Problem ▸
Wherever pictures appear in the listing below, leave them out, and copy exactly, and only, everything from the line with "Chemise En Jean" down to the line with "Pebble Beach Golf".

──────── Given entries ────────

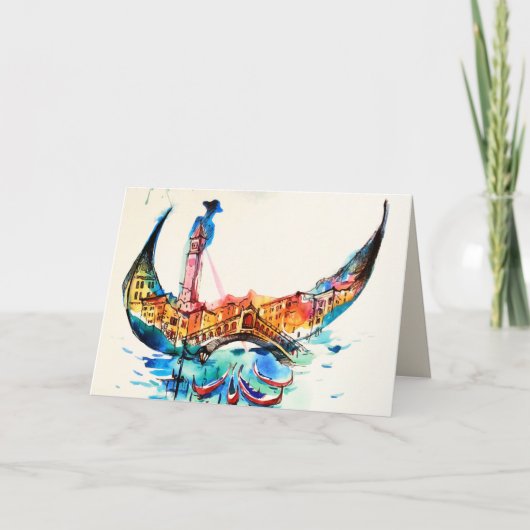 ヴィンテージゴンドラヴェネツィアシティトラベルラブウォーターカラー カード (正面)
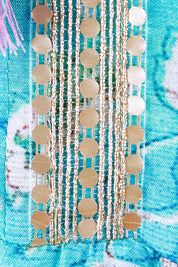 Product shot of the Molly Dress in colour Derpink (Blue), detail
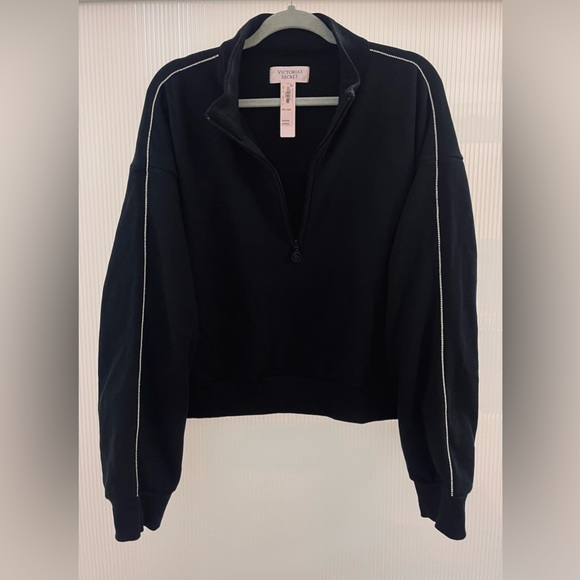 NWT Victoria’s Secret Black Rhinestone Oversized Half Zip Pullover | Size XXL - Picture 3 of 11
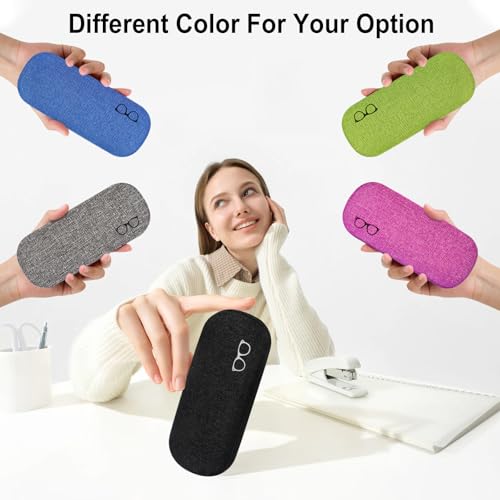 Image of Glasses Case Hard Shell Eyeglass Case with Cleaning Cloth Unisex Reading Hard Glasses Cases for Women Men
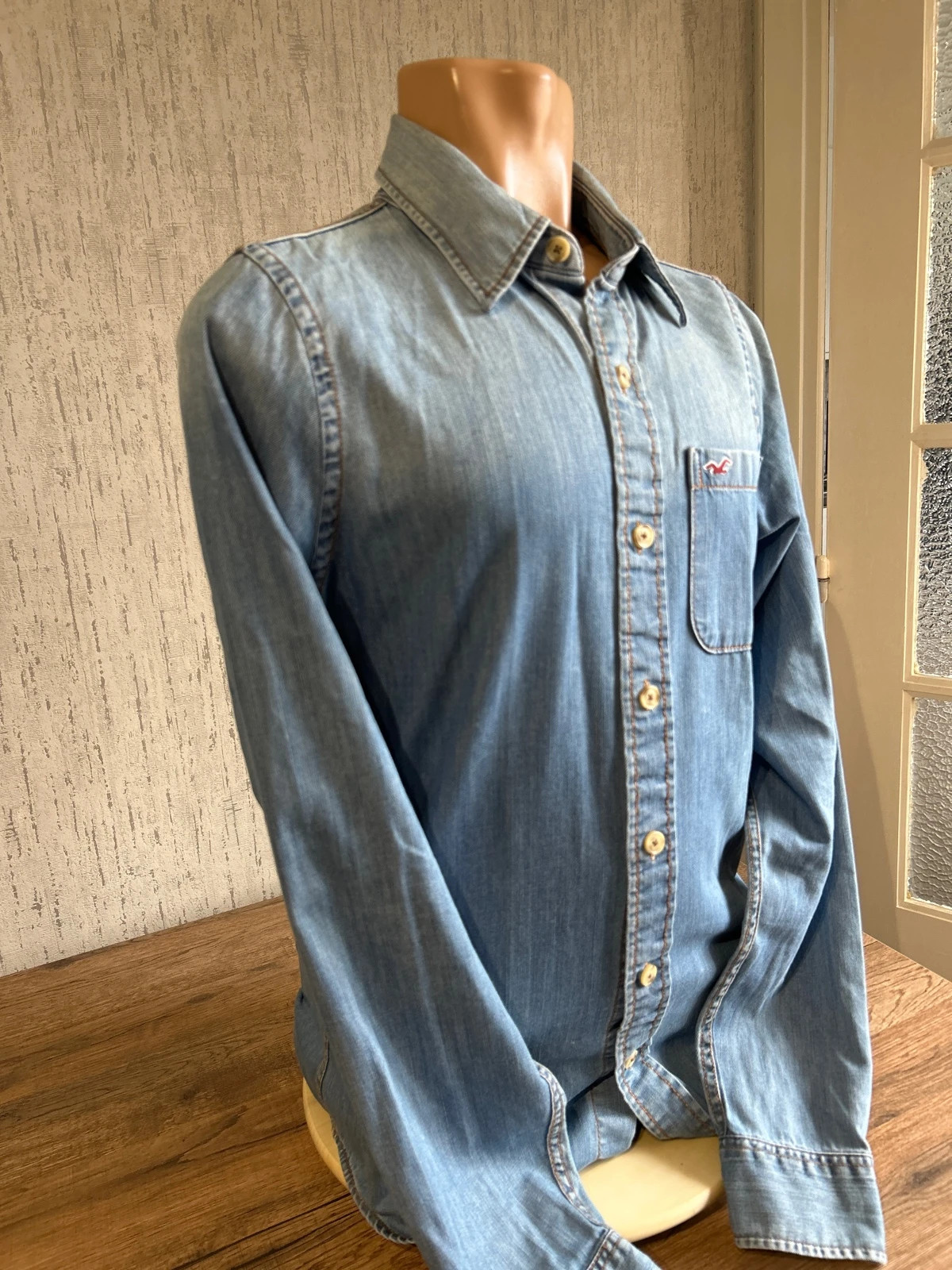 Chemise En Jean Hollister Bleu Clair Homme Taille M Logo Mouette Brode Coton – Hollister – taille M 3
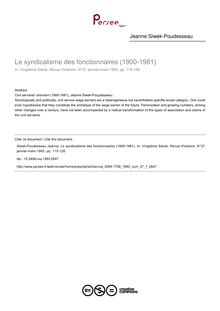 Le syndicalisme des fonctionnaires (1900-1981) - article ; n°1 ; vol.37, pg 115-126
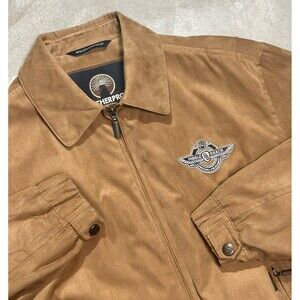 Pebble Beach Golf Links Weatherproof Jacket Men's Large Brown Microsuede Bomber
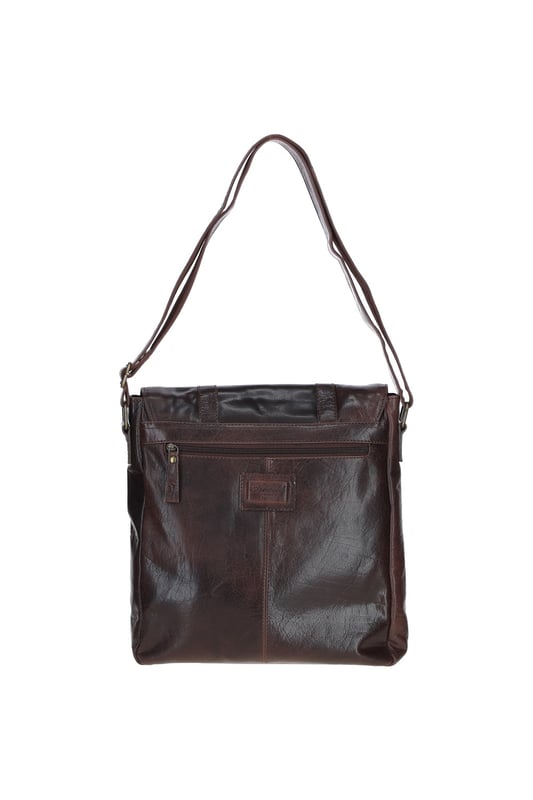 This premium leather messenger bag features brass hardware, a spacious main compartment, two front buckle pockets, and a back zip pocket for easy access. Inside, it offers two pockets and a compartment for organisation, along with an adjustable shoulder strap and fully lined branded interior. Dimensions: (L) 32 cm x (W) 11 cm x (H) 33 cm.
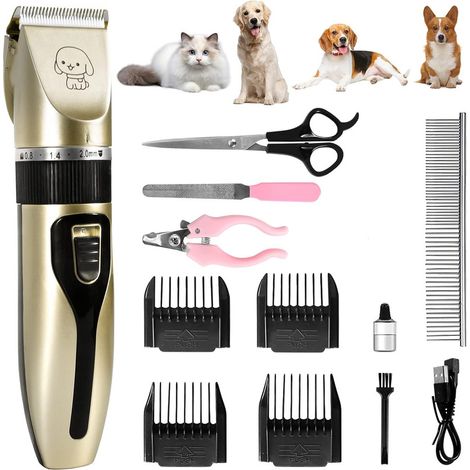 APEX Tondeuse Chien Professionnelle，12 Pcs Tondeuse Chien，Lames en Céramique Amovibles et Lavables, pour Chien et Chat Dog Clipper Kit (1/5)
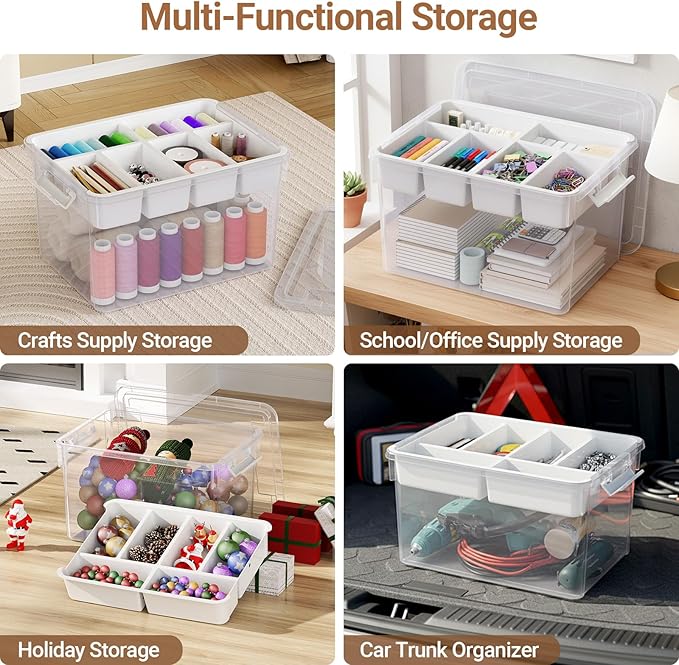 HOMETUK 80Qt Large Stackable Storage Bins with Lids & Trays, Clear Plastic Latching Boxes Organizers with Dividers Portable 20Gal Containers for Arts & Crafts, Home and Car Trunk Organization, 2Pack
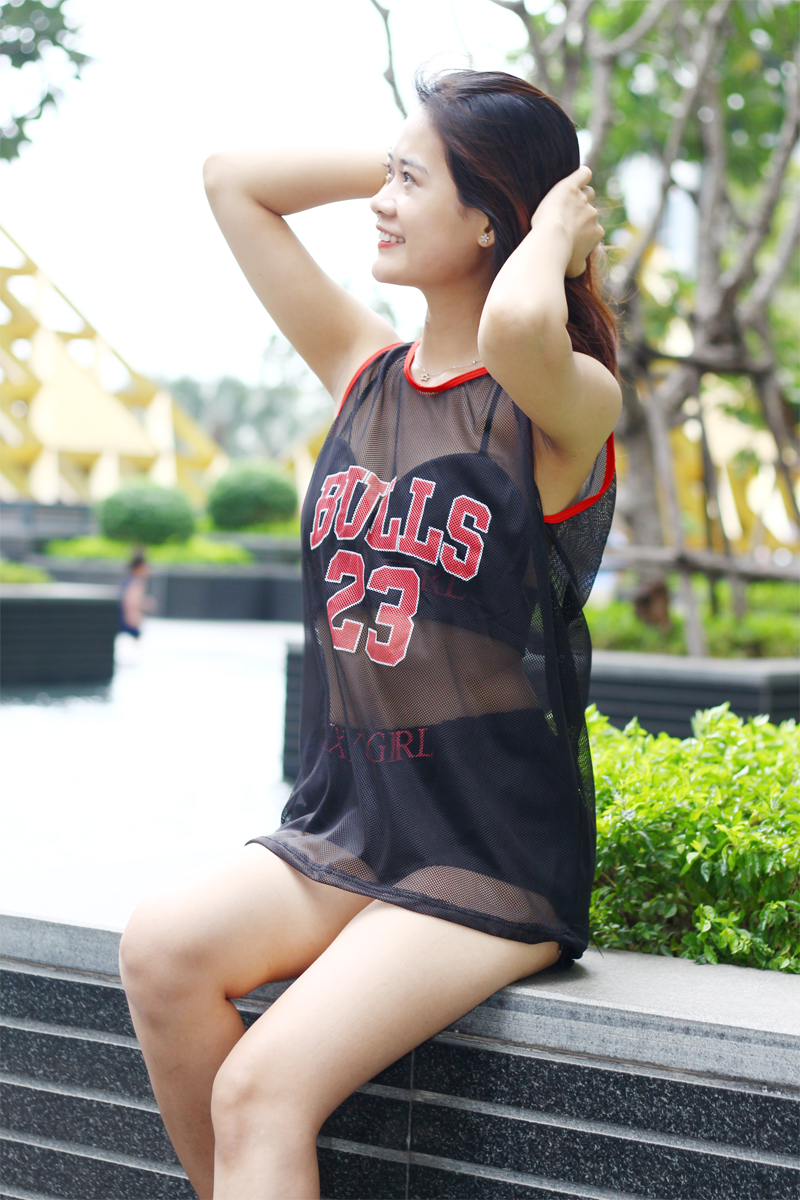 [HCM]Set đồ bơi bikini 3 mảnh đi biển kèm áo lưới bulls 23 thời trang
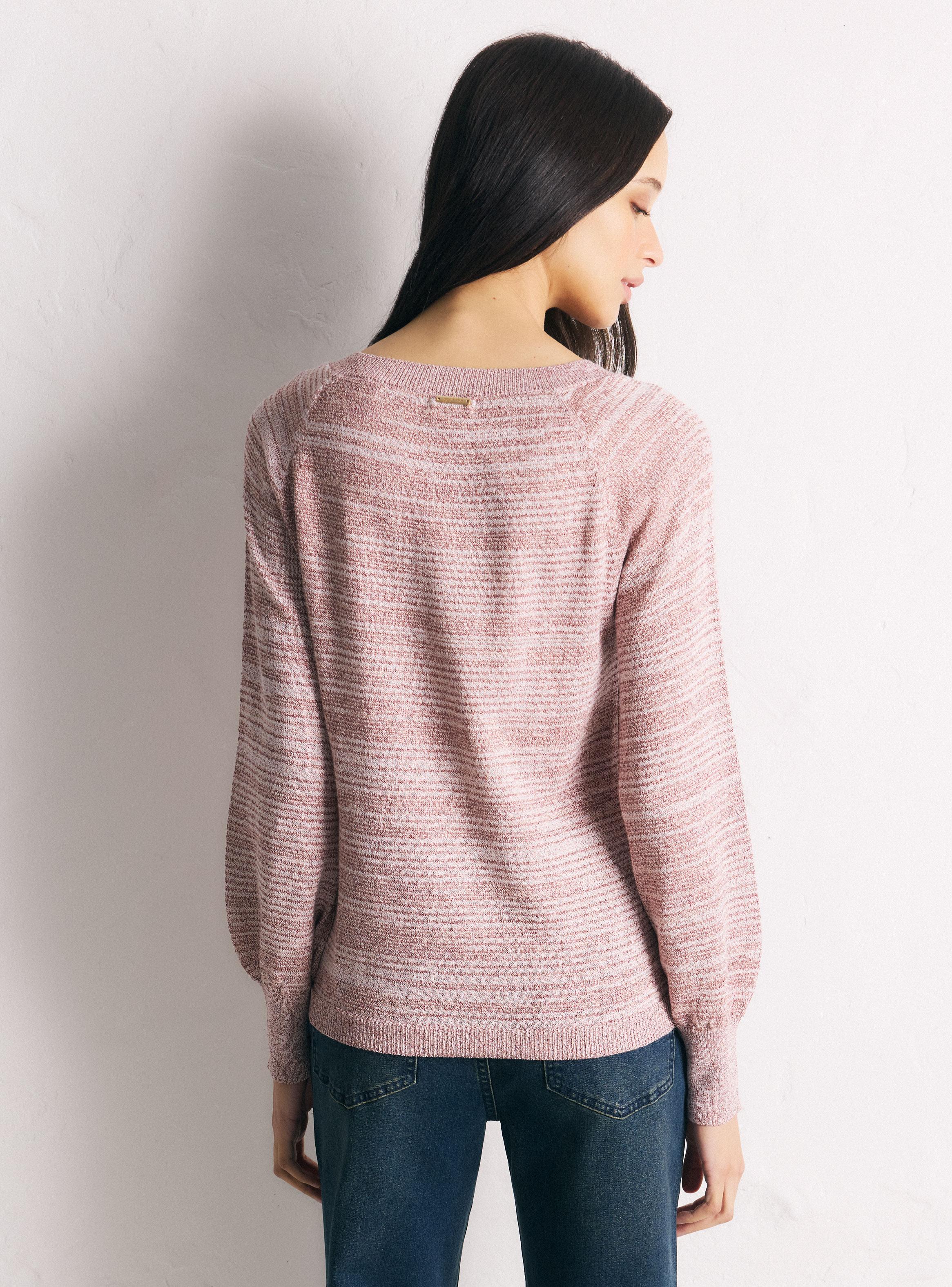 Sweater Tejido Horizontal Jaspeado Puños con Botones-1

────────

Reply to the exercise ▸
 Chemise En Jean Hollister Bleu Clair Homme Taille M Logo Mouette Brode Coton – Hollister – taille M 3
 Le syndicalisme des fonctionnaires (1900-1981) - article ; n°1 ; vol.37, pg 115-126
 Pebble Beach Golf Links Weatherproof Jacket Men's Large Brown Microsuede Bomber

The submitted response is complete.